Olympus 35RC / Ilford HP5+

Our Internet has stopped working this week: indeed, it will be next week before the phone company can fix it, and that, as you might imagine, for somebody whose work is dependent on having web access, is nothing short of a nightmare. We have some access via a wireless hotspot in the village, but it is slow and inconsistent. I am trying to get some film finished up. I am out today with a Kodak Colorsnap 35 (incongruously loaded with black and white) and when I get that used up I shall move onto the Halina. When I’m done with that (before Christmas) I shall load up my Canon IIB, which I bought from Moscow a while back. It is an unbelievably beautiful camera and in almost new condition. I am really looking forward to using it over Christmas.

13
Dec

Ted

“Ted”

Olympus 35RC / Ilford HP5+

I mentioned this scenario just the other day on here, this is a fairly old photo now, taken on an Olympus rangefinder which I’ve had film in for several months. Some of the frames have deteriorated (but they are even so, entirely valid) and some bring a smile because they are forgotten times. This is one such, with Ted looking a little sceptical. He is probably wondering where his breakfast might be.

The Anchor Brewery

“The Anchor Brewery”

Viewed from St. Benedict’s in Norwich
Kodak Duex / Fuji Pro

This shot was mostly an experiment taken with the 1940 Kodak Duex, I was keen to see what it would do with some high-saturation colour film in it. I have discovered that it only really likes somewhat distant subjects (over 8 feet) and good light.

Bullards ceased beer production in 1966 and the impressive edifice is now home to an insurance company. Now that’s dissonance!

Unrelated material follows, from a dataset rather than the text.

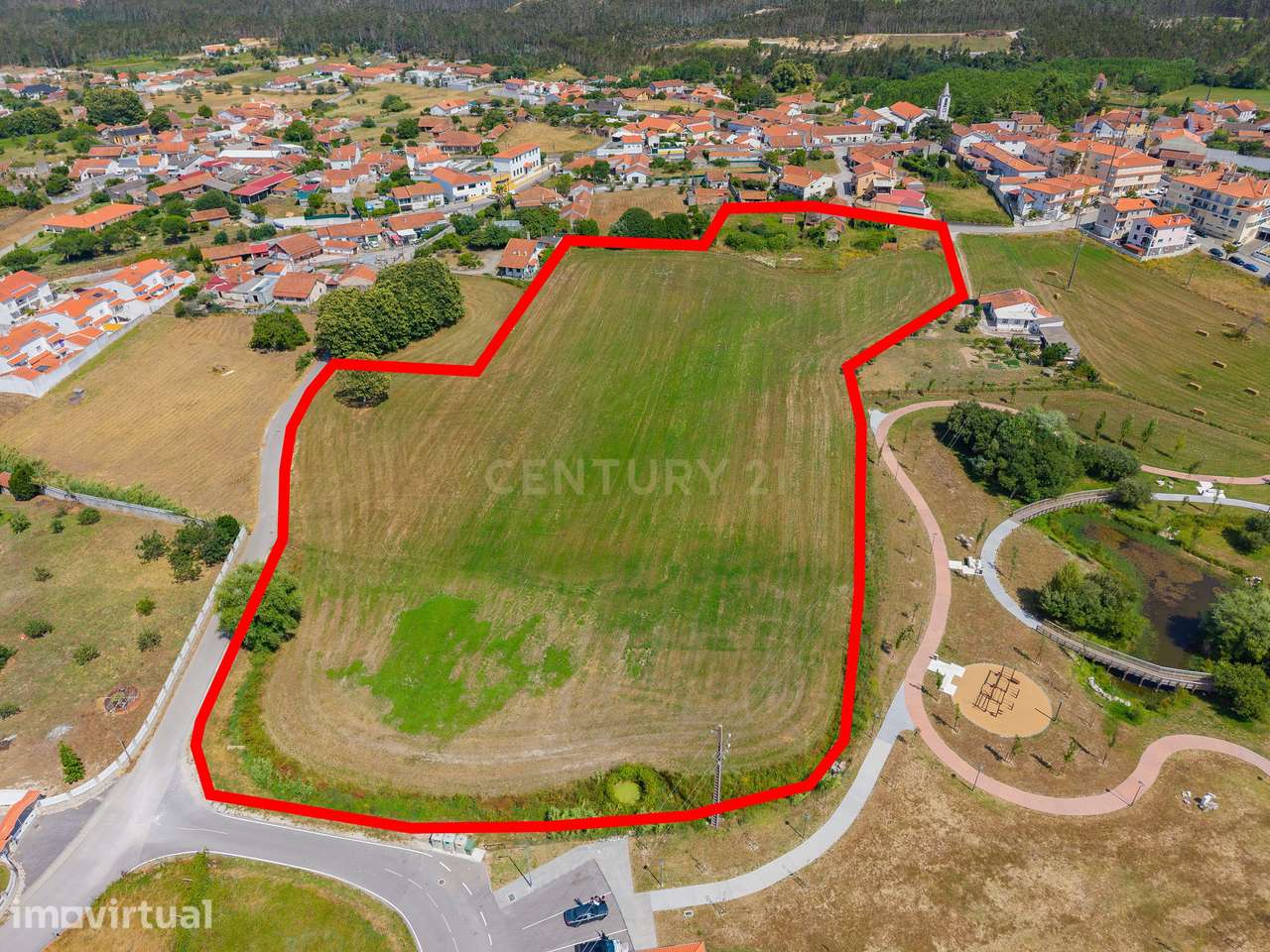 INVESTIMENTO COM ELEVADO POTENCIAL DE VALORIZAÇÃO - 2,3 HA - Grande imagem: 5/6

1938 Voigtländer Brilliant

There has been quite a saga accompanying this camera. The Voigtländer Brilliant of 1938 was the world’s first focusing TLR, and as a template it has spawned several copies, most notably the Lomo produced Lubitels (of which we have two), but even if the copies are great – for reasons of lomography – they don’t quite have the pedigree of the Voigtländer. I realised after trustingly putting a roll of Ilford through it that the focusing mechanism was off kilter, so I resolved to try it again using zone focus and a roll of Ektar.

It has taken a while to get the camera this far. I bought it very cheaply last year and like all of the Brilliants, it hadn’t aged especially well. The finder was loose and rusted, the mirror had lost nearly all its silver, the film chamber’s painted interior was flaky and the counter wouldn’t move. I cut a new mirror and replaced it then set to work drilling out the rusted screws from the finder. I carefully removed the prism finder and put it out of the way: it’s a beautiful and precise piece of glasswork after all, then a few moments later heard a crash. I looked up to see that one of the boys had decided to have a look at this rather gleaming jewel, picked it up and promptly dropped it on the floor.

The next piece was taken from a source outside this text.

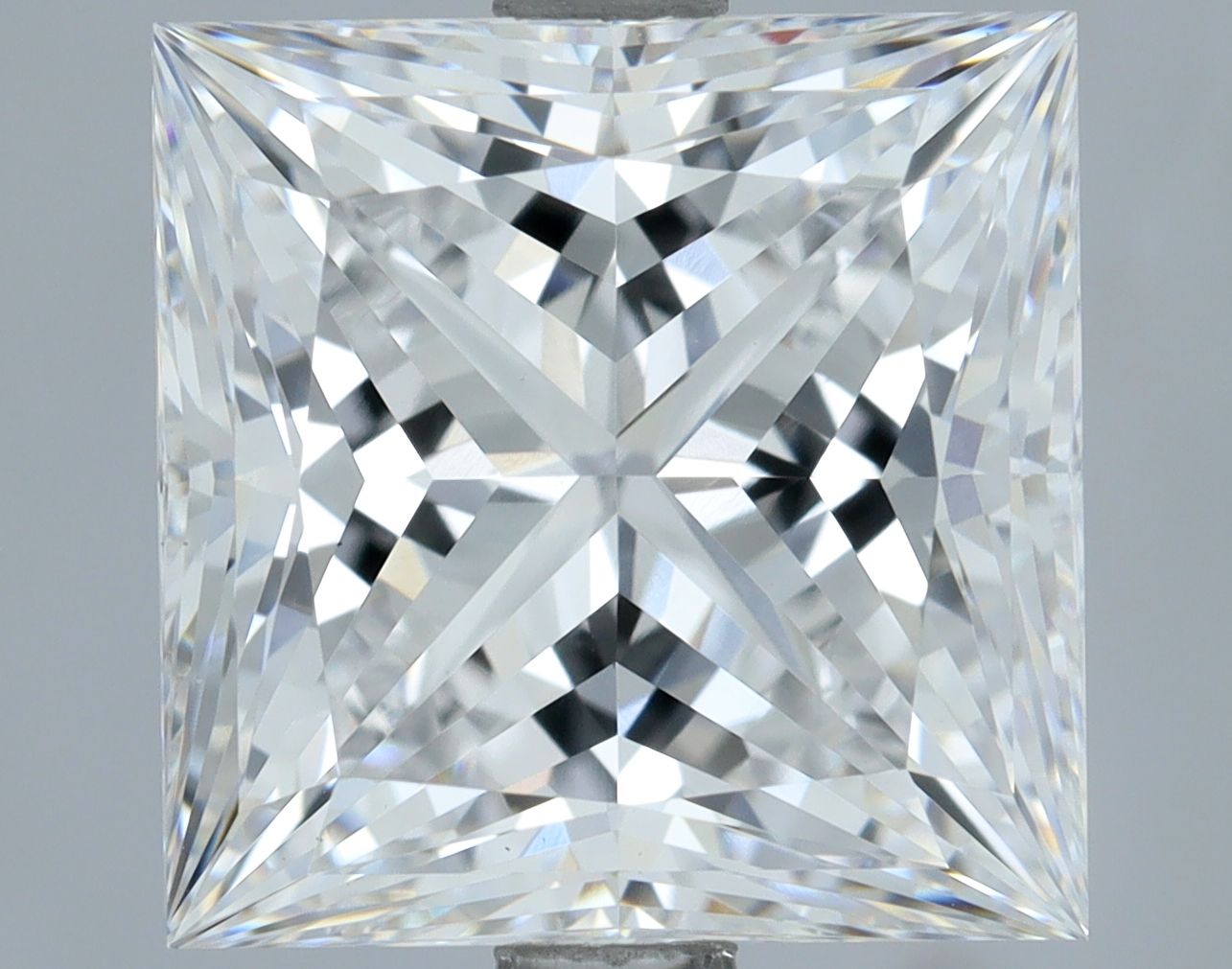 Lab Grown Diamond Lab-grown 3,52Ct D-VS1 Princess - IGILG623412278 1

Even though I immediately recognised this as an excellent opportunity to practise mindfulness, I was still devastated. The entire corner of the prism was smashed and at first glance it looked as though the camera was going to have to go for spares.

In the end I cleaned it all up and put it back together anyway and found that because the finder hood covered a good portion of the prism, it was still in fact usable. I wasn’t able to fix the focus because the viewing lens was moving freely through its range in tandem with the taking lens, there was nothing to adjust. For some reason, it just doesn’t match up anymore. I suspected that this might be because the infinity stop had shifted but I checked the film plane for accuracy and it seemed good. So I loaded up some Ektar and took it to Norwich with me at the weekend.

The reason that focusing Brilliants with good glass are so desirable is not so much the focusing ability of the camera, but the quality of the Skopar lens. It operates at a very decent  ƒ3.5, and is reputed to have excellent characteristics. The vast majority of surviving Brilliants have much less capable lenses than the Skopar.

Upon seeing a few of the results, I have to agree. This camera takes a great deal of patience to use, it is after all 74 years old now, and has taken a few knocks, both old and new, but it is still a classy performer all the same, as you can see.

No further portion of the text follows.